器と作家の数に圧倒される都内屈指の大空間で宝探し
水道橋で2008年から続く器ギャラリーが、2022年末、近隣へ移転。作家のラインナップは大きく変わらないものの、什器(じゅうき)のほとんどを入れ替え、明るく、賑やかさを感じさせる雰囲気へと生まれ変わった。
50坪という都内でも指折りの広さの3分の1ほどが展示会スペース。大きな窓から光が注ぐ、白とグレーを基調にした空間に作家の個性がよく映える。
常設エリアは「宝探しのような感覚で、店全体をぐるりと巡ってもらえたら」というオーナー柳田栄萬(えいまん)さんの思いから、作家や器の種類によるカテゴリー分けをあえてせず、80人にも及ぶ作家の手になる、陶器、磁器、漆、ガラス、木工、金工などが並ぶ。

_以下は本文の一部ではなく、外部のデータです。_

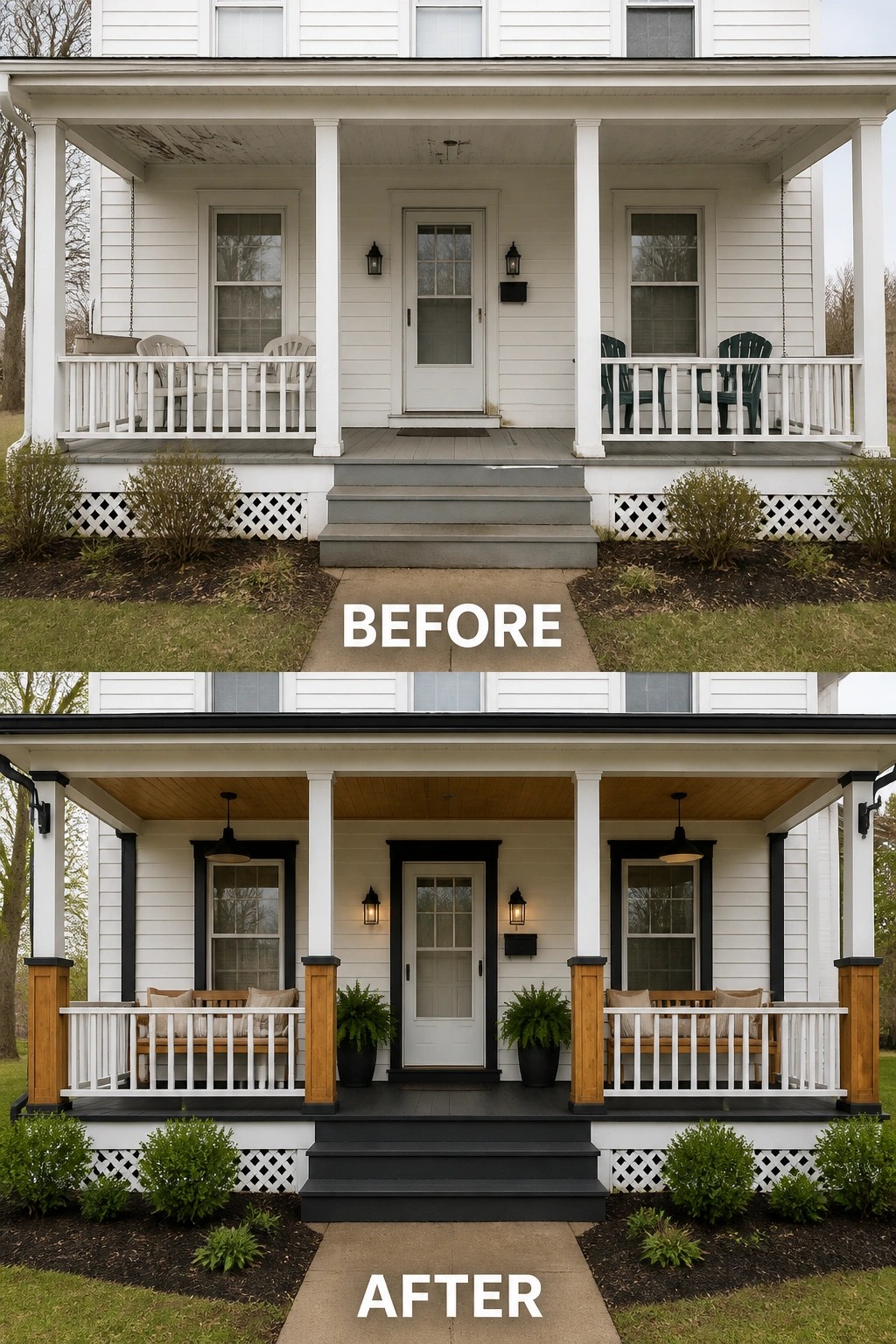 Before and after views of a white house porch renovation with black trim.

料理人でもある柳田さんが、実用する食器としてのクオリティに太鼓判を捺(お)すのが永草陽平の煌彩(こうさい)磁器だ。愛知県春日井市で作陶する若き作家の、器を手に取る前に人柄に惹かれ、作品を購入したところから取引がスタートした。
「さまざまな釉薬を使った多色展開で、ガラス質がきらめく器なのですが、これが意外にも食材やほかの器によく馴染む。色違いで並べてもきれいですよ」。